SUMMARY OF INVENTION
[0008] The invention provides a method of separating nickel from cobalt in a nickel- cobalt mixture which includes the step of dissolving the mixture in a mixed chloride solution to form an anionic cobalt chloride complex in a resultant solution, and wherein the chloride content of the mixed chloride solution originates from at least two different chloride sources.
[0009] Each chloride source may be selected from any suitable chloride salt and hydrochloric acid.
[0010] The resultant solution may be heated to enhance the formation of the cobalt chloride complex.

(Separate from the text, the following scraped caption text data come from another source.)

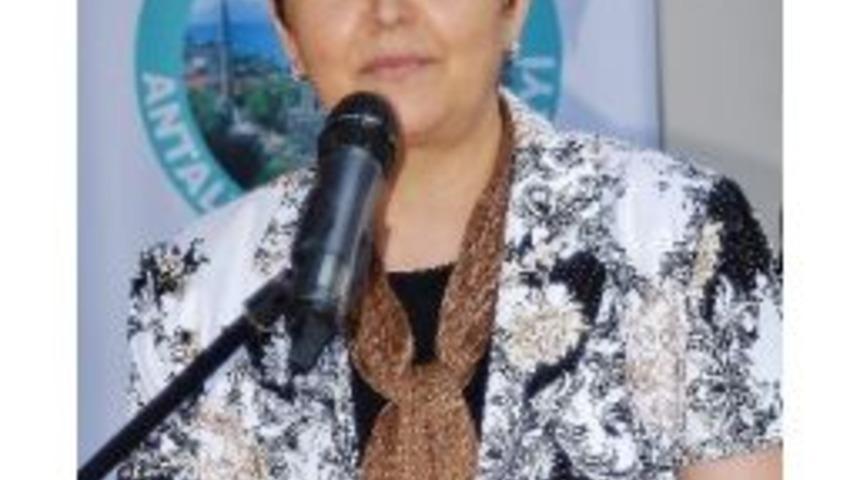 Kent Konseyi Başkanı Kurt, &ldquo;&ccedil;ocuklar Yeterince Korunamıyor&rdquo;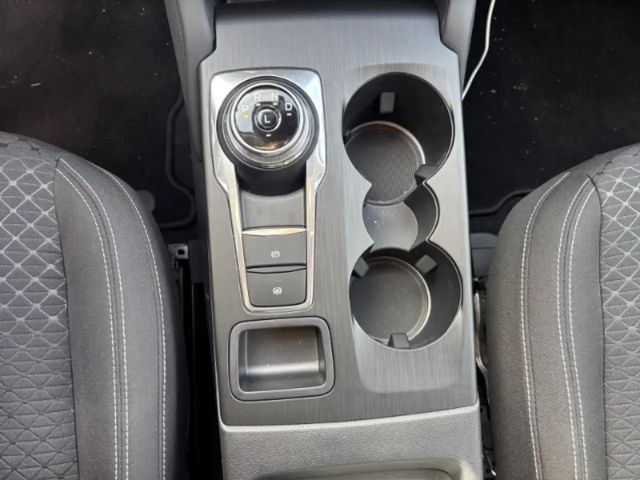 Ford Kuga Plug in Hybrid Titanium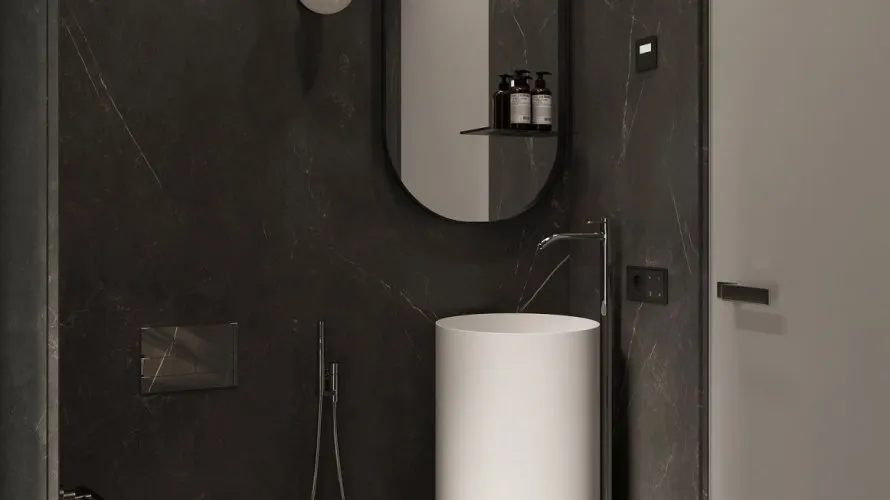 Villa de 6 dormitorios en Marbella, Spain No. 30566 № 1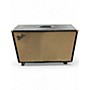 Vintage 1960s Fender Late 60s Bassman 2x12 Bass Cabinet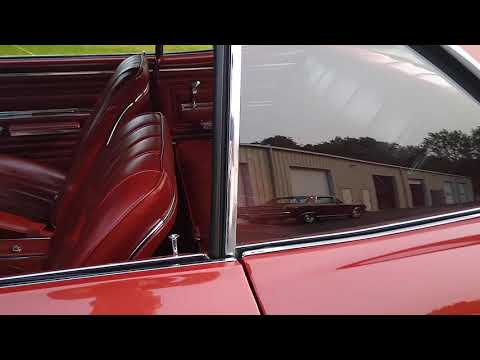 1966 Chevrolet Chevelle SS (CC-1507303) for sale in Colchester, Connecticut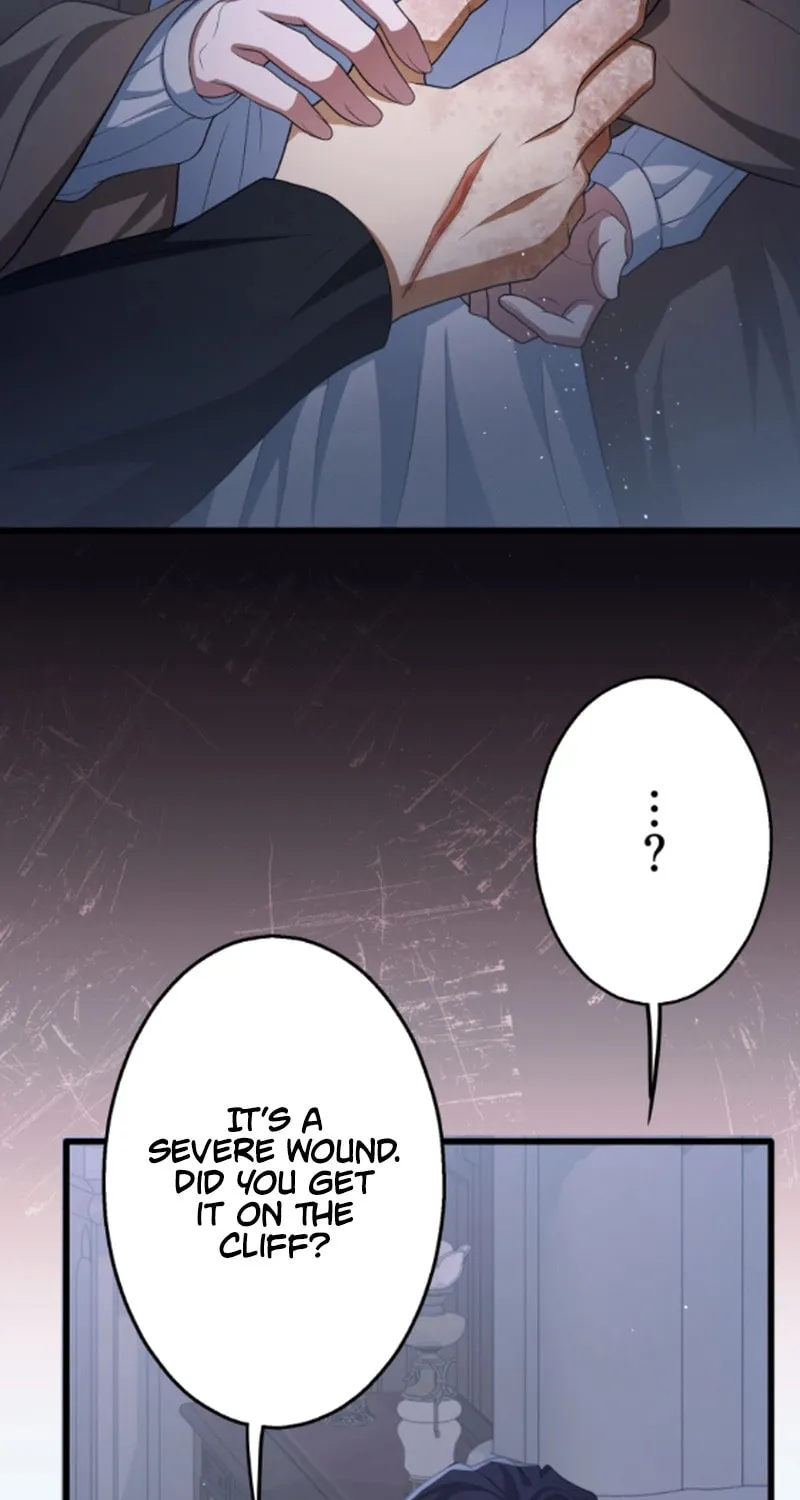 A Savage Proposal Chapter 21 page 90 - 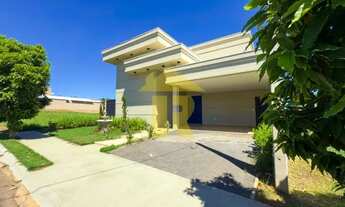 Imagem: Casa de alto padrão com 3 suítes e 4 vagas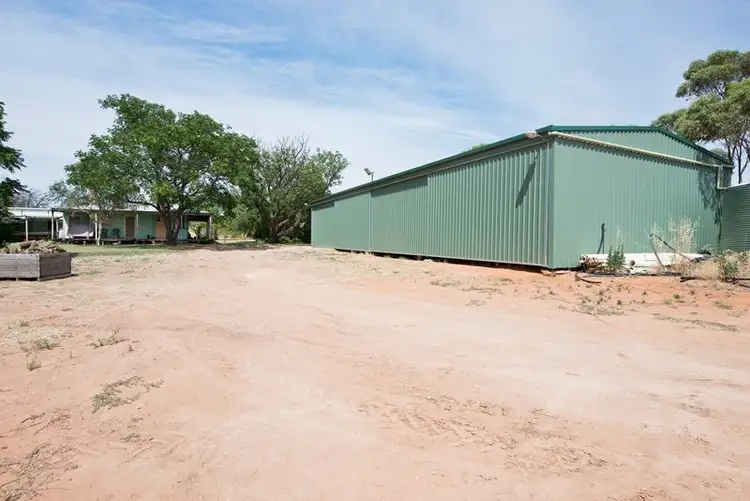 Third view of Homely rural property listing, 19 McLean Lane, Vinifera VIC 3591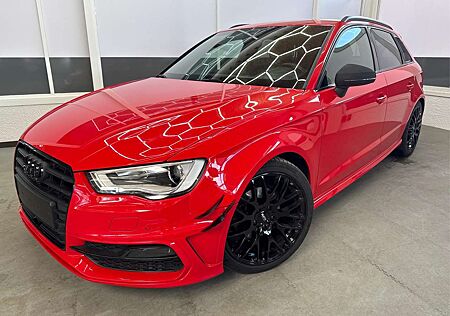Audi A3 1.4 TFSI DSG ULTRA Sportback S-LINE ACC XENON S...
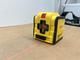 Krysslaser Stanley Cubix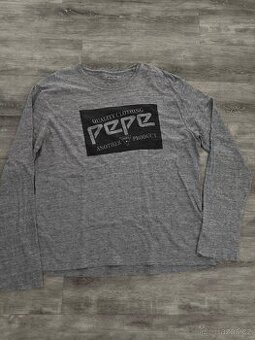 Pánské tričko vel. L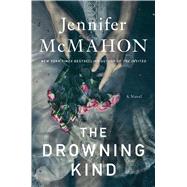 The Drowning Kind 9781982153922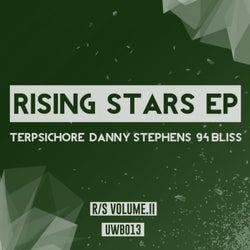 Rising Stars Vol 2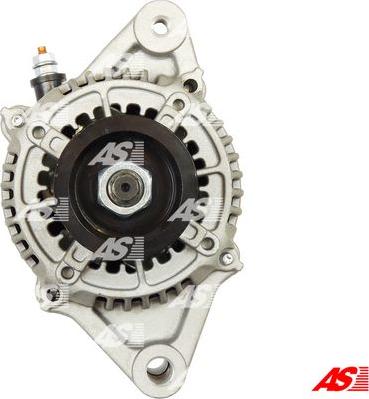 AS-PL A6186 - Alternator parts5.com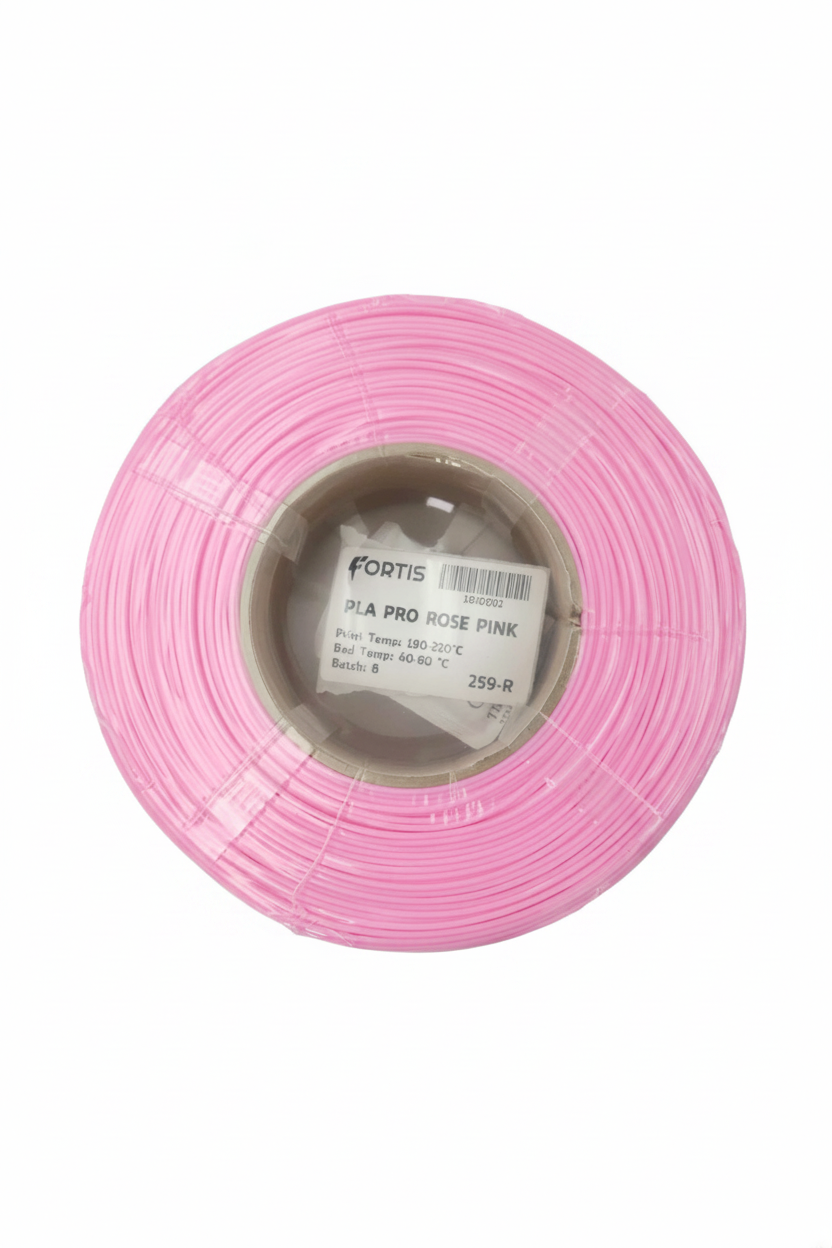 PLA Pro Rose Pink - Refill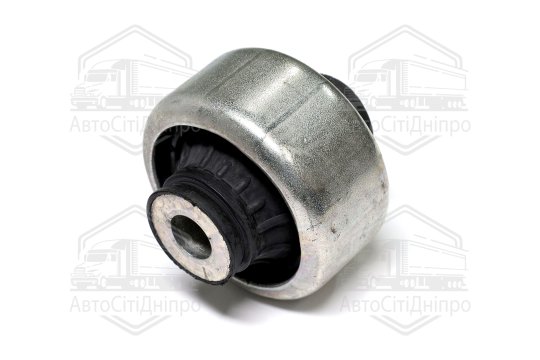 Сайлентблок важеля RENAULT MEGANE II, SCENIC II 02 перед. міст (вир-во SASIC)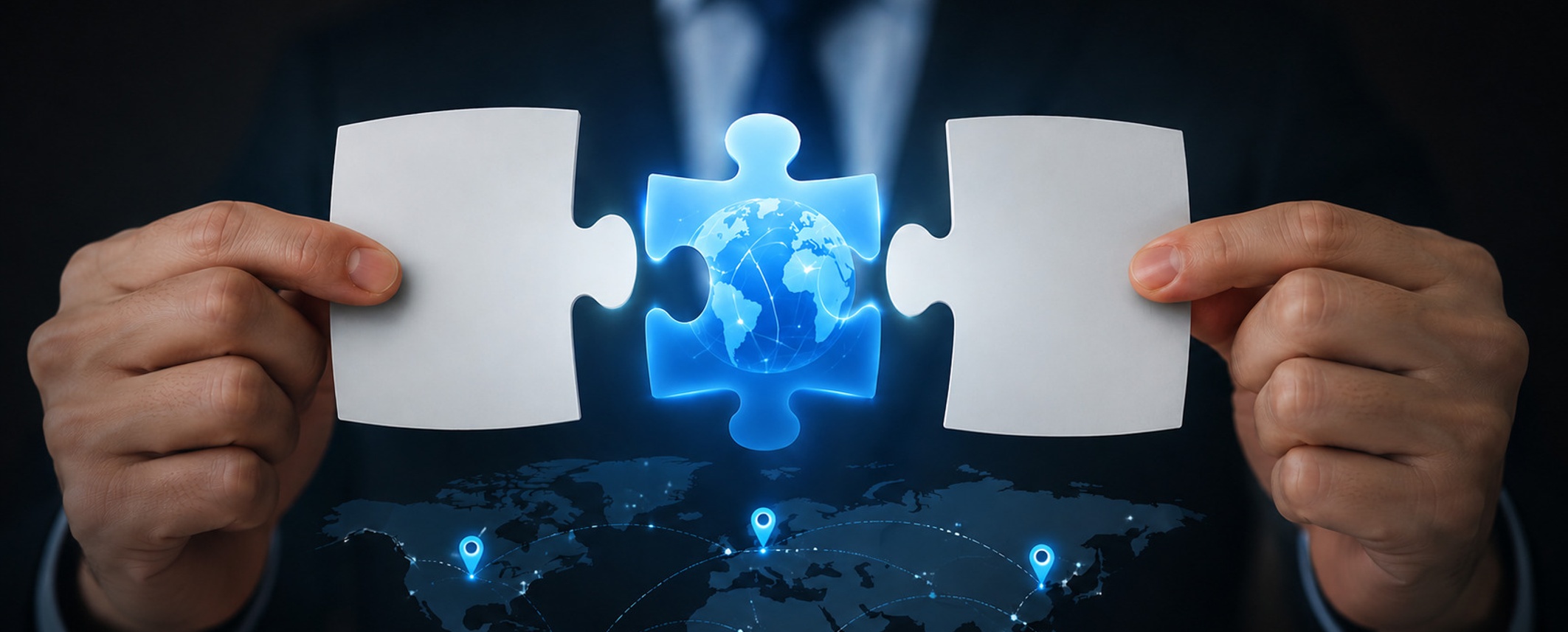 Market Entry & Expansion Strategy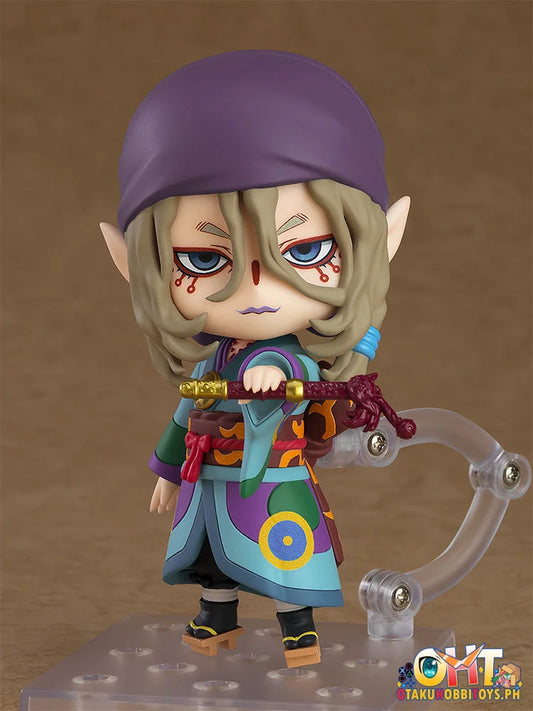 Nendoroid 2426 Medicine Seller - Mononoke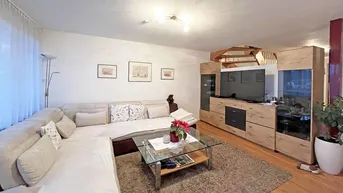 Expose Möblierte 3-Zimmer-Maisonette-Wohnung zur Miete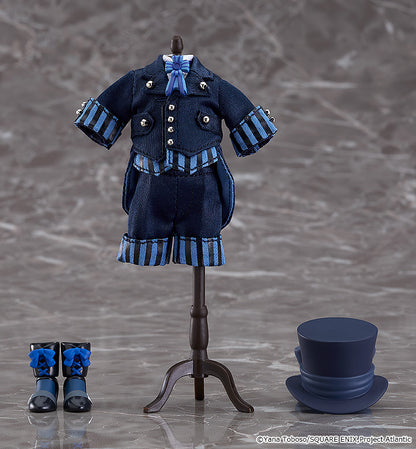 Nendoroid Doll "Black Butler Book of the Atlantic" Ciel Phantomhive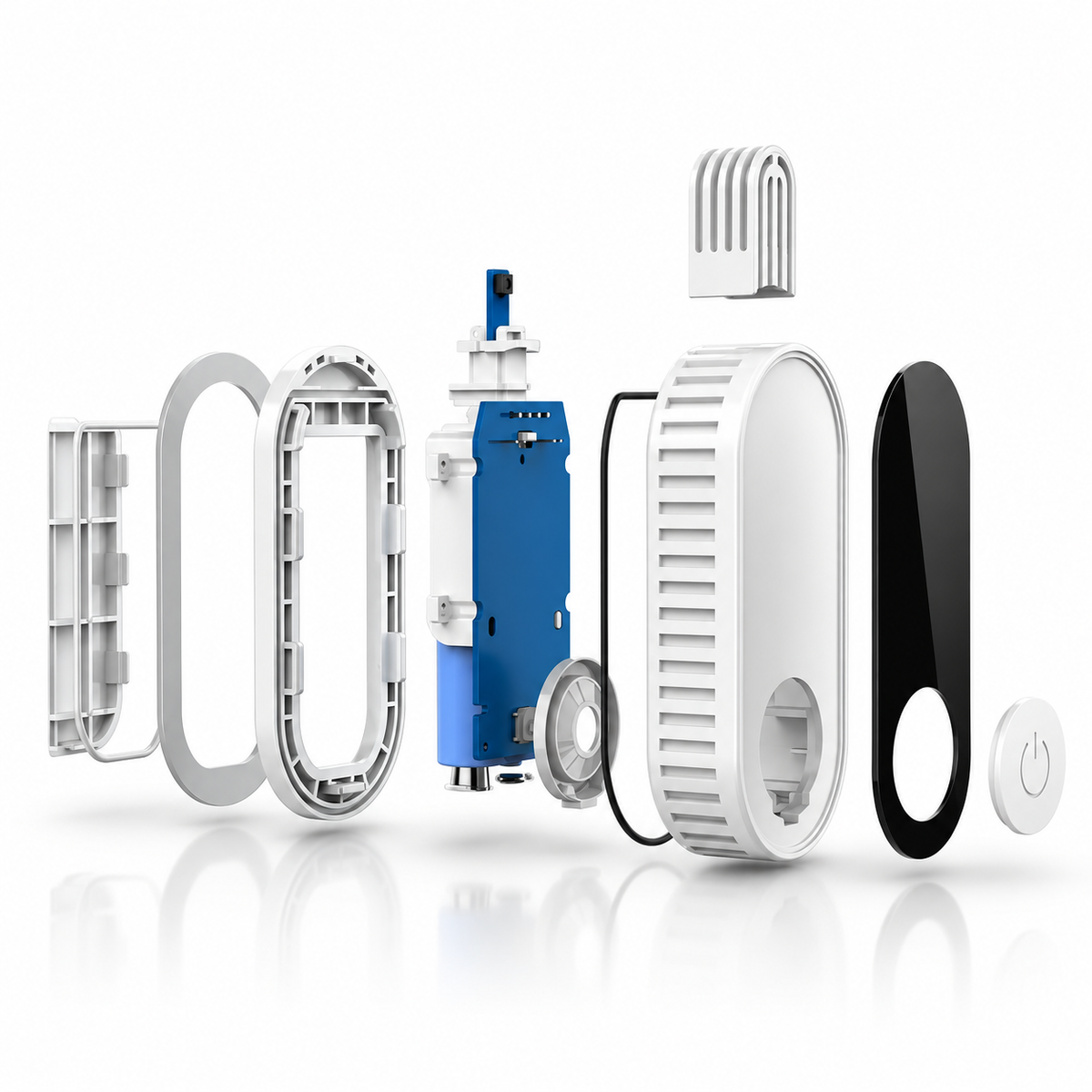 H4 & H4 Pro Temperature & Humidity Sensor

[0011] The cobalt chloride complex may be separated from the resultant solution by allowing the resultant solution to percolate through a bed of resin having an affinity for anions so that the cobalt chloride complex is absorbed by a resin in the bed and allowing a remaining solution, which is substantially cobalt-free, to pass through the bed.
[0012] Nickel may be removed from the remaining solution by any appropriate method such as through the use of a precipitation, crystallization or electrowinning technique.
[0013] Alternatively nickel may be removed by passing the remaining solution through a nickel selective resin bed so that the nickel is adsorbed by a resin in the resin bed, thus allowing the remainder of the remaining solution, which is a substantially nickel-free solution, to pass through the resin bed.
[0014] The nickel-free solution may be recycled to a chloride salt source.
[0015] The nickel may be eluted and recovered from the nickel selective resin by a suitable wash method.
[0016] To release cobalt from the cobalt chloride complex and allow it to elute from the bed a chloride wash solution may be applied to the bed resulting in a cobalt eluate.
[0017] Cobalt may be recovered from the cobalt eluate by any appropriate method such as through the use of precipitation, crystallization or electrowinning technique.
[0018] Alternatively cobalt may be recovered by passing the cobalt eiuate through a cobalt selective resin bed so that the cobalt is adsorbed by a resin in the selective resin bed, and allowing the remaining eiuate, a substantially cobalt-free eiuate, to pass through the selective resin bed.
[0019] The cobalt-free eiuate may be recycled to a chloride salt source.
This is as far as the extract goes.